I cautiously open the door where i was and step in with broom in hand. There is the cute (HA) little bugger hanging face down on the chimney. There am I, standing next to my boss.

A little side note here. Do you know about flying squirrels? they dont really fly of course, just glide like those crazy Norwegians who jump off the cliffs and wear funny suits. Why, you ask, is this relevent? Well, back to our regularly scheduled program.

When last we left you, our hero (me) the evil henchman in disguise as a good guy (my boss) and the Anti Hero (that damn squirrel) were facing off in a trianlge. It is at this time that the Squirrel showed his true self and LAUNCHED (remember that aside above?) himself at my boss. Now my boss showed HIS true colors, and jumped behind me, grabbed my shirt, and thrust me at the squirrel.

Did you all know that when threatened enough to attack something enough bigger than it that a foot would squish it, a squirrel grows 4 extra limbs and 12" long fangs? I mention this because I DID NOT KNOW THAT. However, as this little killing buzz saw was flying at me, with the dasterdly boss thrusting me at it like a shield..... I watched this metemorphis take place.

Hey have you all heard Ray Stevens song "Mississippi Squirrel Revival"? Funny freakin song.

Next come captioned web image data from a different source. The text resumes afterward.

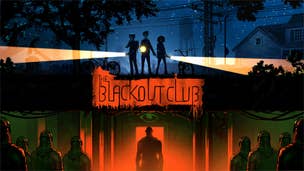 The Blackout Club, the co-op horror adventure from ex-BioShock devs, hits Steam Early Access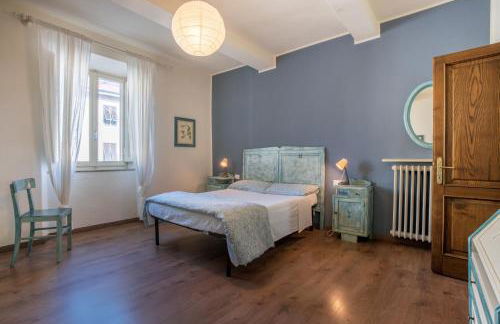 Casa Nina, intero appartamento - Foto 12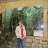 ���� Darya, �����������, 33 ���� - ��������� 14 ����� 2017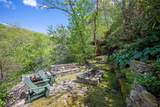 310 Mount Admire Road - Photo 65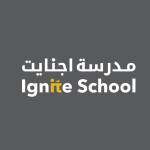 igniteschool igniteschool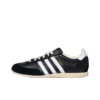 [KJ3960] Giày adidas CHANGLE Black Core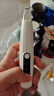 ERGOBABY宠物猫咪剃毛器狗狗剃脚毛修剪神器猫脚毛修剪器电推剪电动推子 实拍图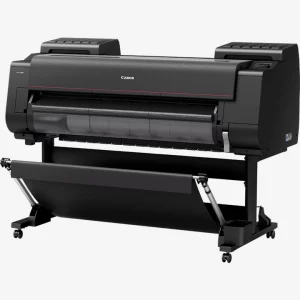 Traceur CANON imagePROGRAF PRO-4100 (44 pouces)
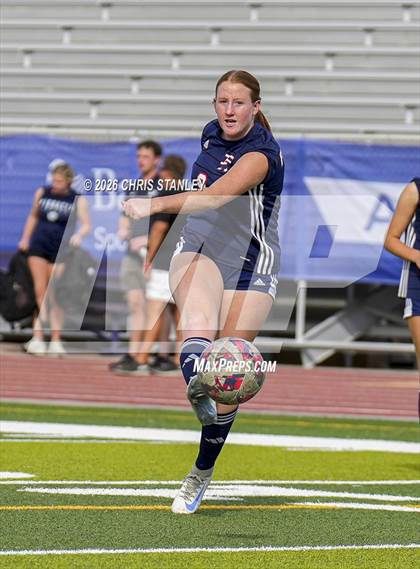 Thumbnail 1 in Pinnacle vs. Perry (AIA 6A Final) photogallery.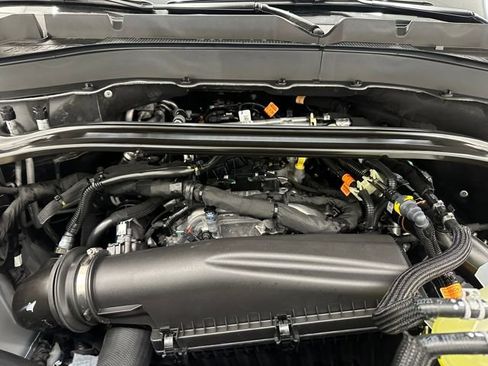 New 2026 Ford Explorer ST-Line w/ ST-Line Street Pack image 40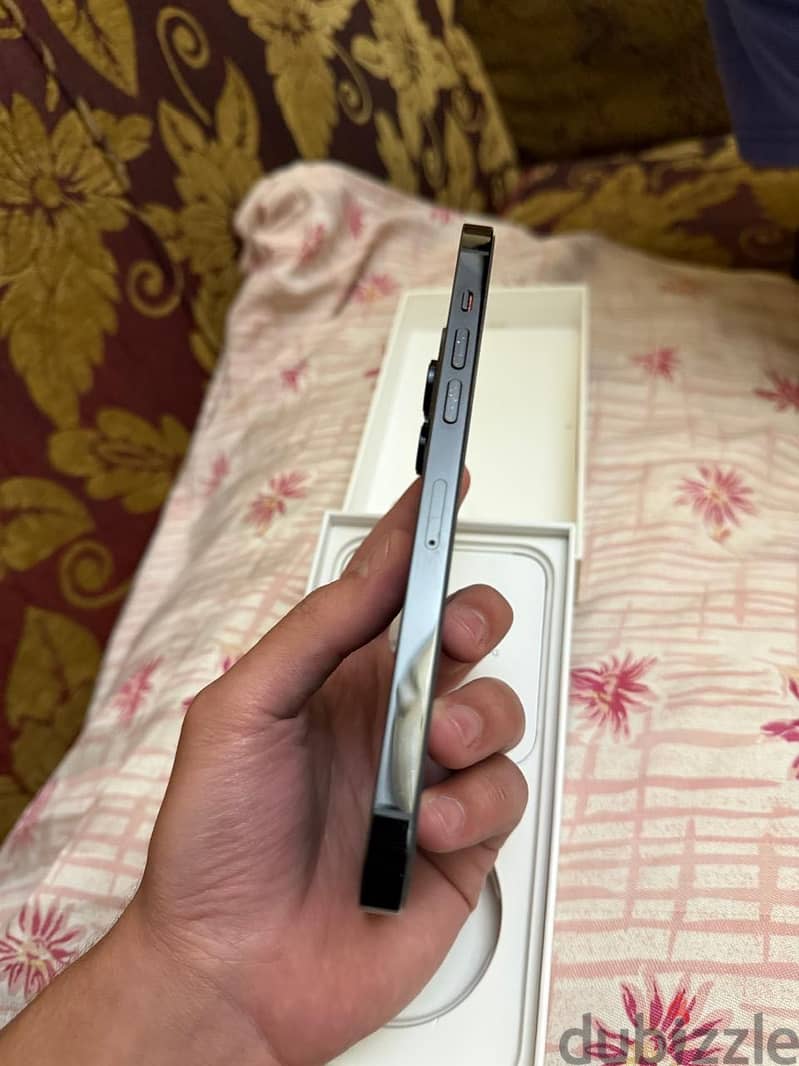 Apple - iPhone 14 Pro Max 2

Oh, what happened? Somehow my befogged attacking brain shut down and reflex took over. I believe i have mentioned before that i study Aikido. I particulalry like studying Aiki- Jo which is a 4' staff. remember that broom i was holding? I batted the little bugger right out the open (and costly, damn it) sliding glass door.
I watched him light on the grass outside facing me, ready for round two. At this point his evil transformation reversed and he realized he was outside. He turned and ran. I turned to my boss and...well, this is a family board. (did i mention that squirrel destroyed a perfectly good (and expensive) sliding glass door?)

If your sides have stopped hurting from laughing, please leave a tip on the way out (and yes, it is a true story)


----------



## gunfighter48 (Jun 17, 2006)

I used to hunt them in the 60s and my mom would boil them for about an hour or so. Then put the meat in a pot and make a brown gravy stew out of them with carrots, potatoes, corn, and some onions. Very good eating and got us thru a few hard winters when my dad was out of work in the logging industry.


----------